Zambia – Southern Africa
© Copyright on all photographs – Allan Rufus
Zambia is known as the “Real Africa”. It is a fairly large country and has vast wild life areas. I spend a year living in the bush on the edge of the Kafue National Park, where there were not many other white people for miles, our closest friends were at The Kafue Elephant Orphanage Project which was about 30-40 minutes drive away, depending if there were elephants on the road or not. The village people around the area we were staying in were very friendly and welcoming! (Although we did have a few bad incidences with a few greedy locals who caused us some serious problems, and a bag snatched out of our car in Lusaka, the Capital City. But the locals who saw what happened apprehended the person and preceded to give him a good beating, as they don’t take to kindly to that sort of thing in Zambia, and yes we got the bag back!) Many of the village children had never seen a white man before so they were not sure what to think or do when they saw me, some where very excited, and others burst into tears. I have to admit that I am not sure what I would have thought seeing me either lol. There was no one to impress, except the local hyhena who used to howl at night, but sadly she never presented herself to me!( See last picture below)
The bridge that crosses the gourge from Zimbabwe to Zambia offers a great frontal view of one of the Wonders of the World, the Great Victoria Falls called “Mosi -oa-tunya, the smoke that thunders” by the local people. I have seen this Great Waterfall in its various states, and I have to say that when this waterfall is gushing its load in rainy season, it is something to behold. The sheer amount of water tumbling down is mind blowing, and there is no chance standing anywhere near the falls without being drenched from the spray that it spits upwards due to the volume of water flowing over this magnificent falls! The picture below was taken in the dry season, so was not as I have described above, but still a magnificent site to behold!

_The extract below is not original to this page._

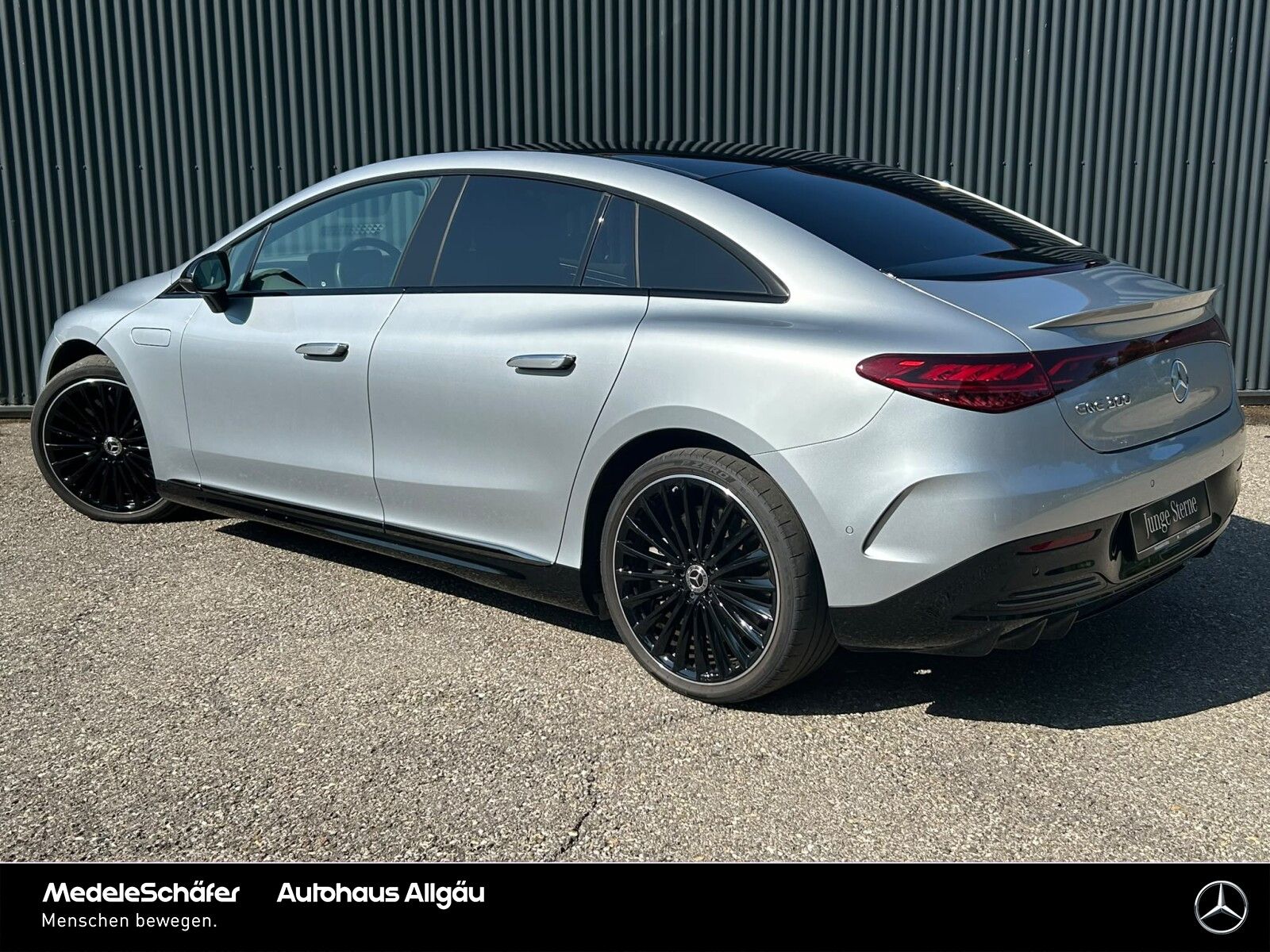 Mercedes-Benz EQE 300 AMG Night 21" D-Light AIRMATIC PanoSD foto 9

The road from Lusaka, the Capital to The Kafue National Park is quite an experience. One has to be wide awake to avoid the truck drivers and donkeys and seriously BIG and DEEP pot holes in the road. But once you get to the park and hit the Itezhi Tezhi dirt road then you are in for a real treat. I was born, and have lived most of my life in Africa, but I have NEVER travelled on a road like this dirt road. It MUST be the WORST dirt road in the world to travel on. Not only can you not go fast due to the pot holes and ridges, you also have to drive with your windows closed as you enter into tsetse fly territory, these flies are big and they bite, and let me tell you when they bite you, it’s not pleasant at all, and if your windows are open you can get up to 20-30 feasting on you lol. It becomes a swatting 5 hour journey full of cries of pain when one does get you!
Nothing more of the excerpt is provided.